- GIVEN DATA
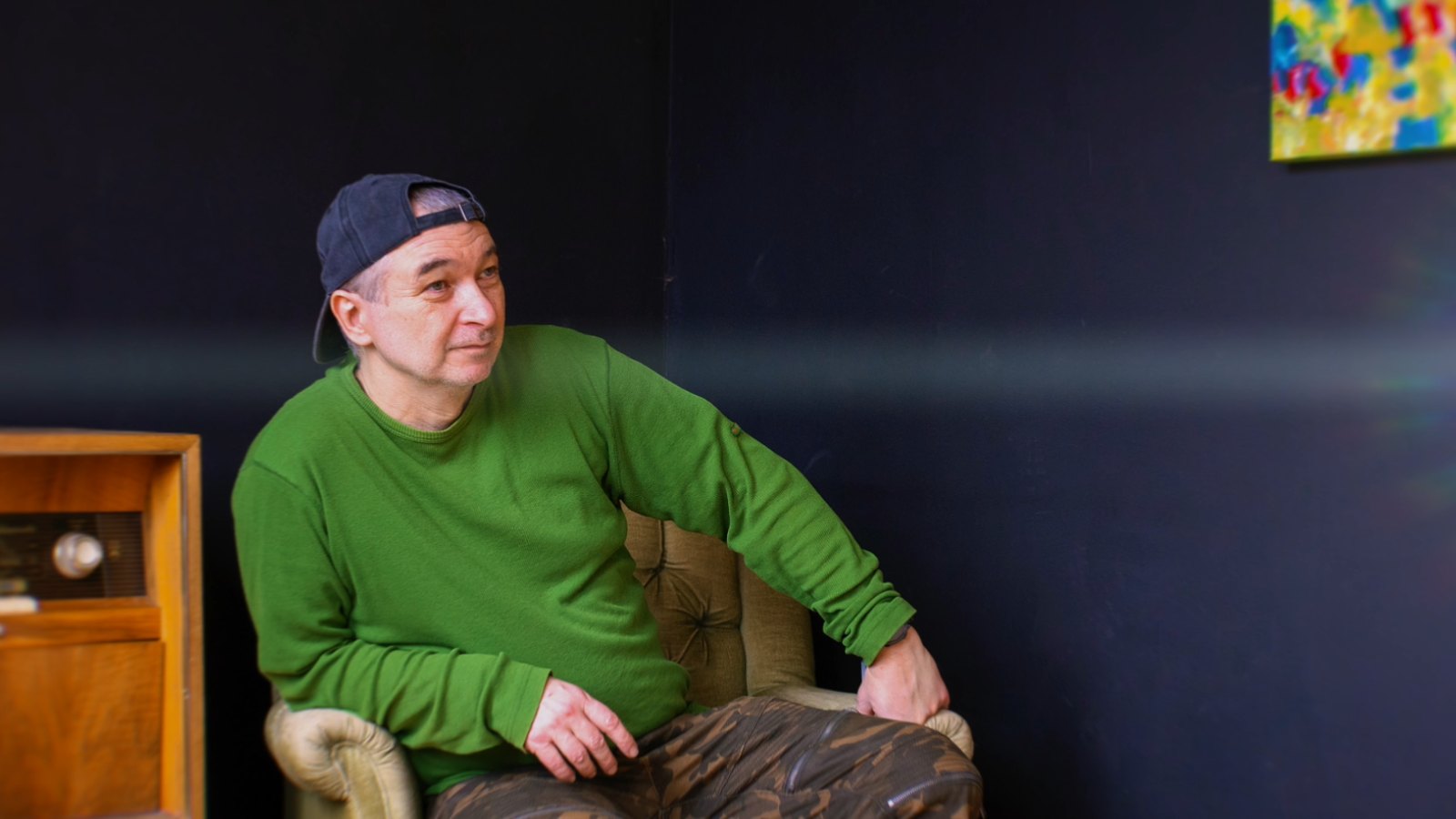 Tobias Post in an armchair, from the making-of of the Tyde exhibition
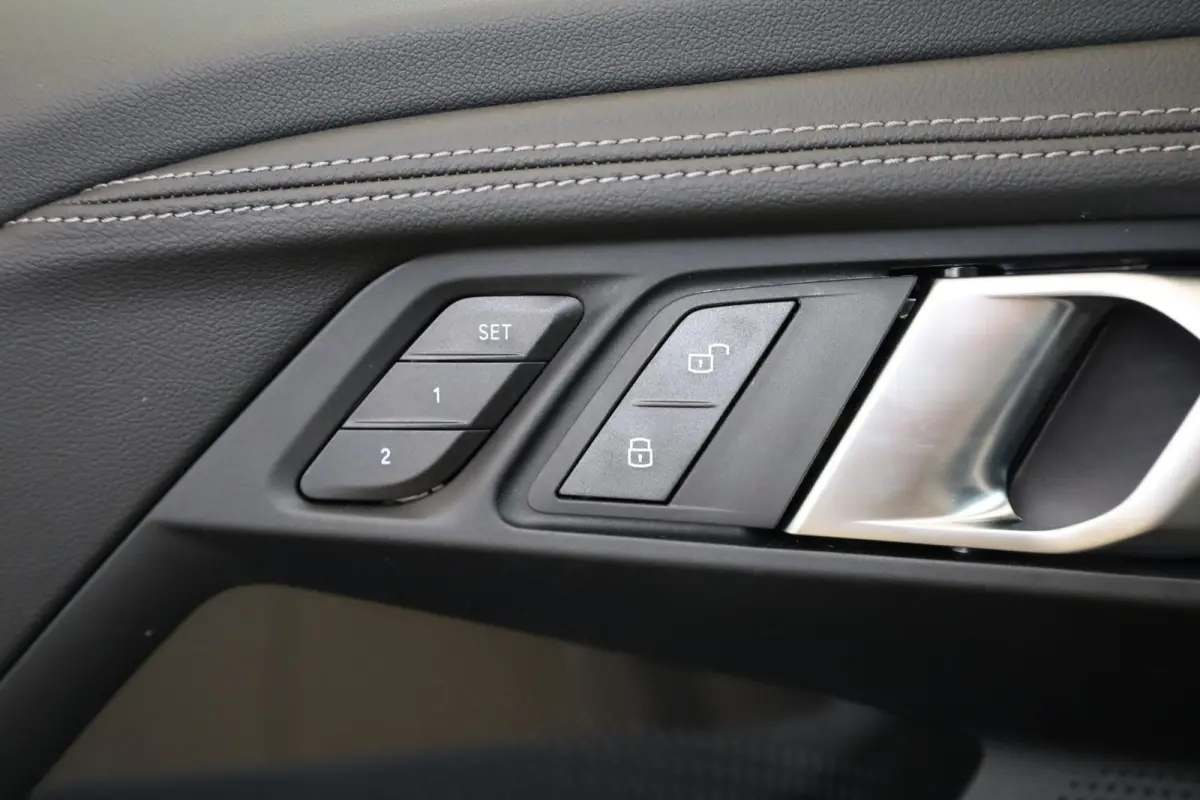 220i | M Sport Pro | Glazen Schuif-/ Kanteldak | Driving Assistant | Elektr. Verstelbare Stoelen
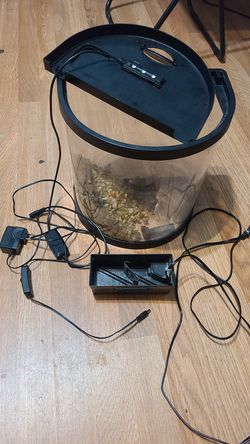 Fish tank with filter and 25 dlls
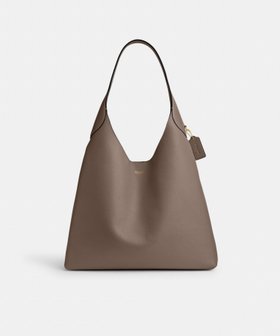 【コーチ/COACH】の【公式】ブルックリン ショルダー バッグ 39 人気、トレンドファッション・服の通販 founy(ファニー) ファッション Fashion レディースファッション Fashion for Women エレガント 上品 Elegant クラシック Classic, Timeless Style ショルダー Shoulder, Shoulder Strap ニューヨーク New York, NYC Style フィット Fit, Slim Fit ポケット Pocket, Pocket Detail マグネット Magnet, Magnetic Closure おすすめ Recommended / Our Picks ギフト プレゼント Gift / Present |ID:prp329100004801063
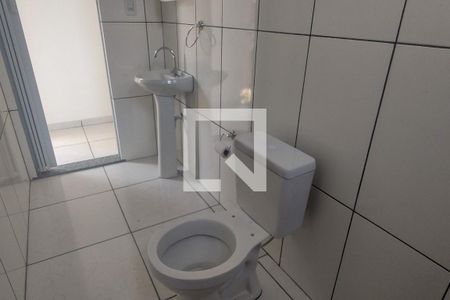 Casa para alugar com 32m², 1 quarto e sem vaga Casa para alugar com 32m², 1 quarto e sem vagaBanheiro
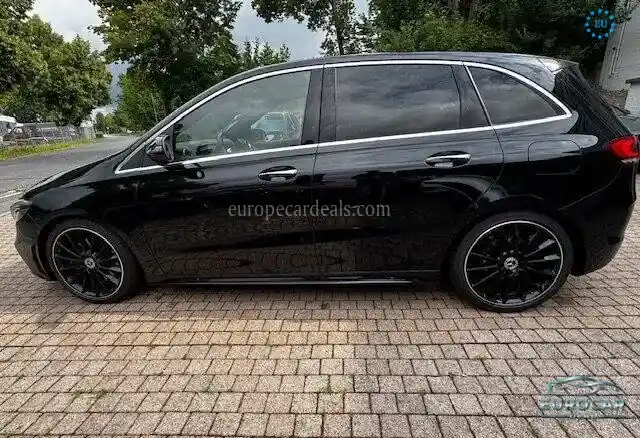 Mercedes-Benz B 220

- ACTIVITY
Write out exactly the lines of the material above, starting with the first and finishing with the line that contains "Fish tank with filter and 25 dlls", without pictures.

- THE ANSWER
 Tobias Post in an armchair, from the making-of of the Tyde exhibition
 220i | M Sport Pro | Glazen Schuif-/ Kanteldak | Driving Assistant | Elektr. Verstelbare Stoelen
 Fish tank with filter and 25 dlls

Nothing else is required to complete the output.